The cave didn’t have a name when I first knew it but it always made a strong impression on me, and it was a favorite lunchtime respite for my family when we were headed to Texas after a summer in Yellowstone.
And of course I usually climbed into the cave and sat on a rock in the back to eat Fritos and drink my Dr. Pepper. That was in the 1930s and 40s.
Twenty-five years later I became friends with two of the men who excavated the cave. They were Bobby Edgar and George Dabich. For two years in the middle 60s they carefully moved rocks, shoveled dirt, screened for artifacts, compiled data, and helped uncover Mummy Joe.
Mummy Joe during reburial in the cave
And the cave finally had a name.
The archaeological dig underway in the mid 60s.
Once, when George and I were having dinner at the Erma in Cody, he spoke of watching an archaeologist uncover an Angostura point that was 28-feet below the cave’s surface. The weapon had been flaked to kill an ancient species of bison and had not seen daylight for almost 9,000 years.
George also talked about the artifacts he uncovered: stone choppers, hammers and grinders, projectile points, cordage, fragments of tanned sheepskin, arrow shafts, basketry, rabbit nets, and more than 2,000 leftover animal bones that had been discarded by the ancient dwellers.
In 1967 I received a gift from George. It was a 5-inch long knife he’d carved from a mountain sheep bone that came from layer #3. He said it carbon-14 dated to about 682 AD.

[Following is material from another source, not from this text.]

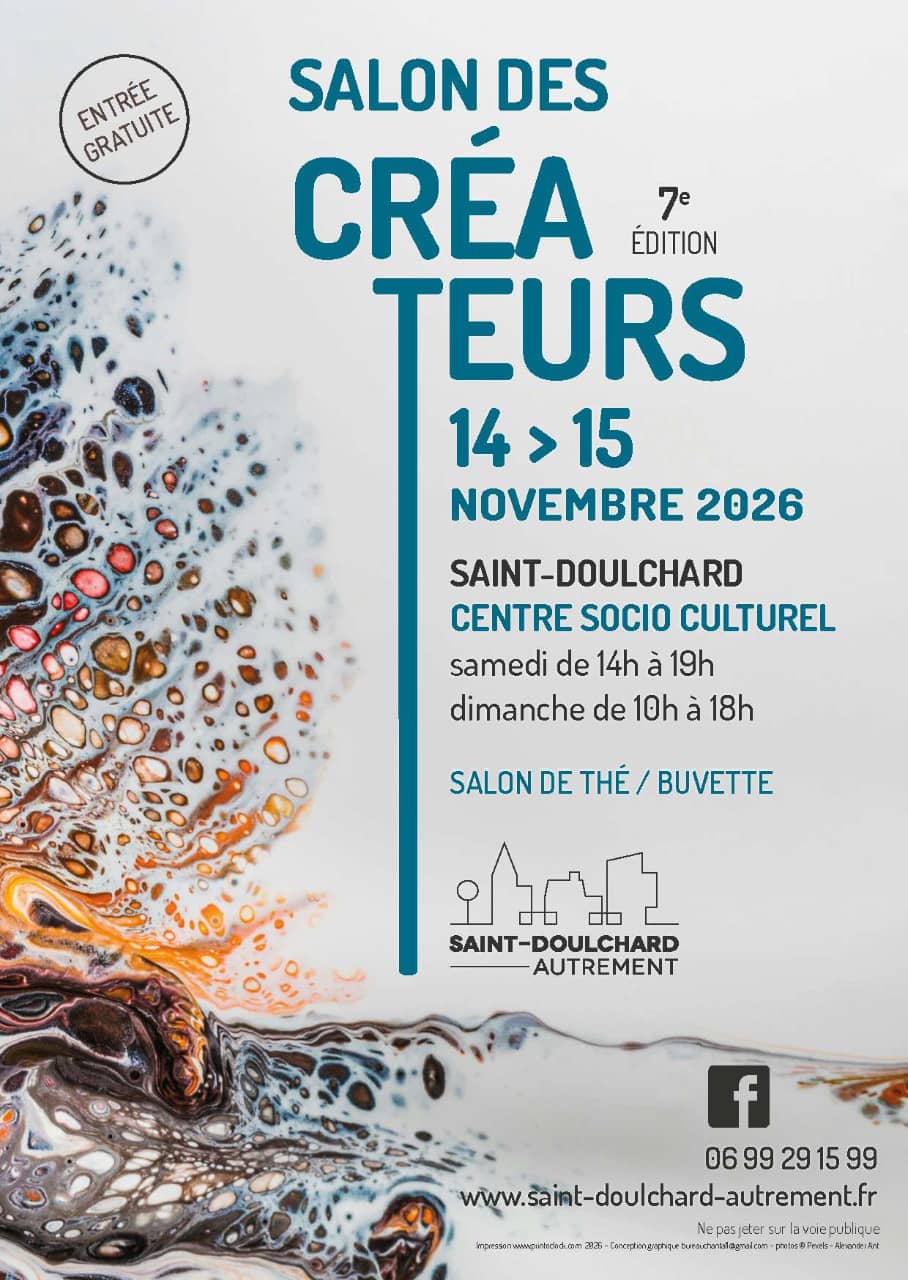 Illustration de l'événement : Salon des créateurs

George’s tales were colorful and compelling. He spoke of what it was like living in the cave 1200 years ago when Mummy Joe died, and of the trail weary hunters who returned from a hunt dragging elk hides full of meat that would sustain their clans through the freezing-cold winters. I was fascinated by the stories.
After midnight, with George’s words fresh on my mind, I drove to Mummy Cave. The night was so black that the snow-covered ground offered little moderation. With a small light as my only companion I climbed up and in, and sat on my rock against the back wall. In the lonely silence nothing was moving but the wind that whispered its way through the trees, down the river, and past the cave.

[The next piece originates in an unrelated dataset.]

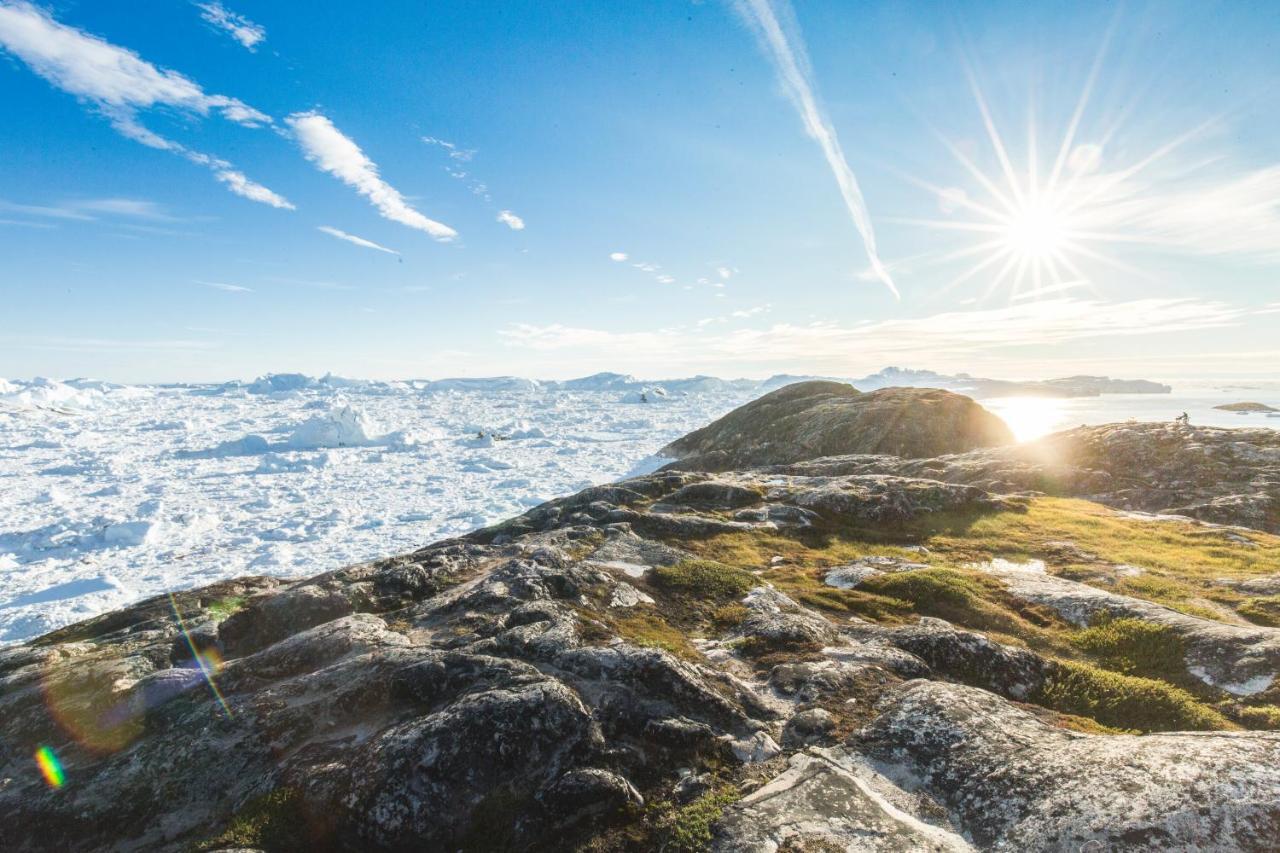 Hotel Icefiord Ilulissat Ngoại thất bức ảnh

As I sat in the eerie quietness I could feel the austere grandeur of my surroundings. Who were these ancient people who called this sheltered place home? Over the last few thousand years several hundred nature-toughened Indians had rested their butts on the very rock upon which I sat. I just knew it. Can you imagine how that made me feel?
Today my thoughts sometimes harken back to Mummy Joe, who was wrapped in sheepskins so long ago, and buried deep in the dirt. What would I have thought when I was a kid, sitting on my rock, knowing that Joe was just a few feet away. Are there any among you who are as intrigued by America’s ancient past as I am? Tell me.